Your task:
Among the entries below, which lines run from the line with "Set of grunge stars.Vector illustration." through the line with "Wooden Books Read"? Retype those, both ends included, exactly and without pictures.

Records for the task:

Start of Block

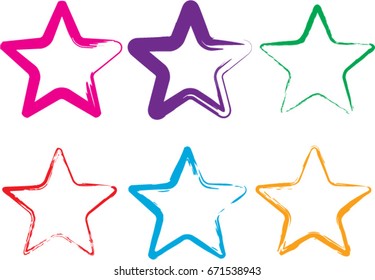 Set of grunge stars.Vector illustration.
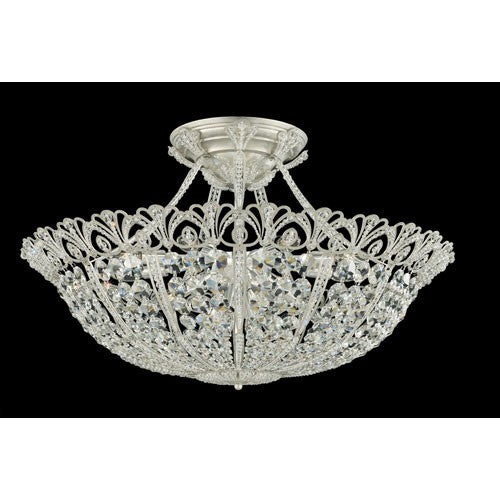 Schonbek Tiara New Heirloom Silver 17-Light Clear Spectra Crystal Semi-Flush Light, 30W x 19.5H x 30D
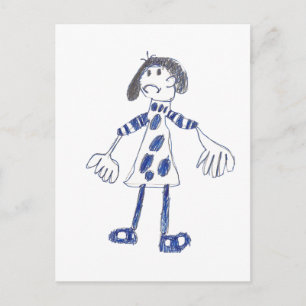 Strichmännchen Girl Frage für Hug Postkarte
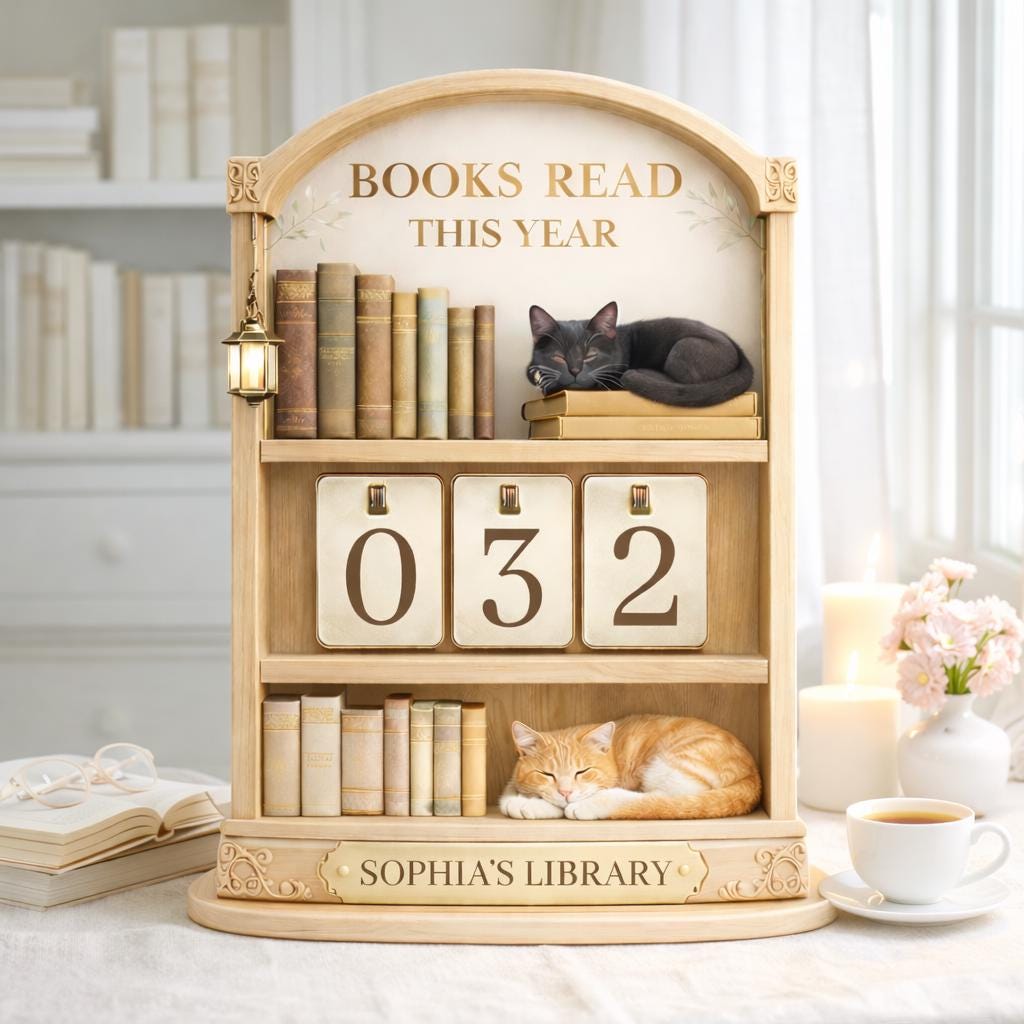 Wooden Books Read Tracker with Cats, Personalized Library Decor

End of Block
Start of Block

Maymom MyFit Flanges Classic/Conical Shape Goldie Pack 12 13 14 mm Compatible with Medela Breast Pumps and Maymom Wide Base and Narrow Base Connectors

End of Block
Start of Block

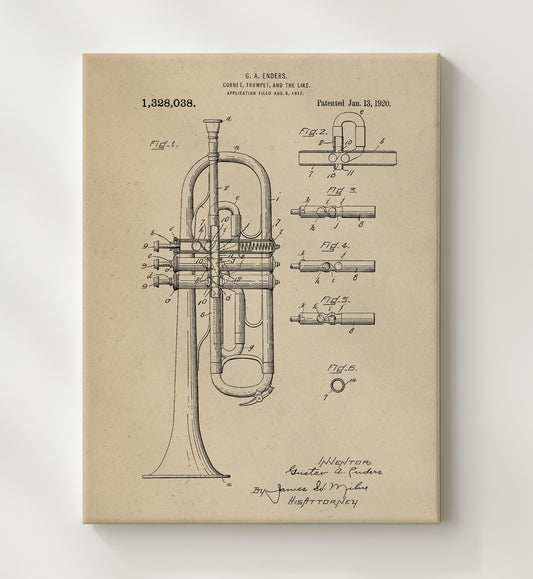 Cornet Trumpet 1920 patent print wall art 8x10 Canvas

End of Block

Result:
 Set of grunge stars.Vector illustration.
 Schonbek Tiara New Heirloom Silver 17-Light Clear Spectra Crystal Semi-Flush Light, 30W x 19.5H x 30D
 Strichmännchen Girl Frage für Hug Postkarte
 Wooden Books Read Tracker with Cats, Personalized Library Decor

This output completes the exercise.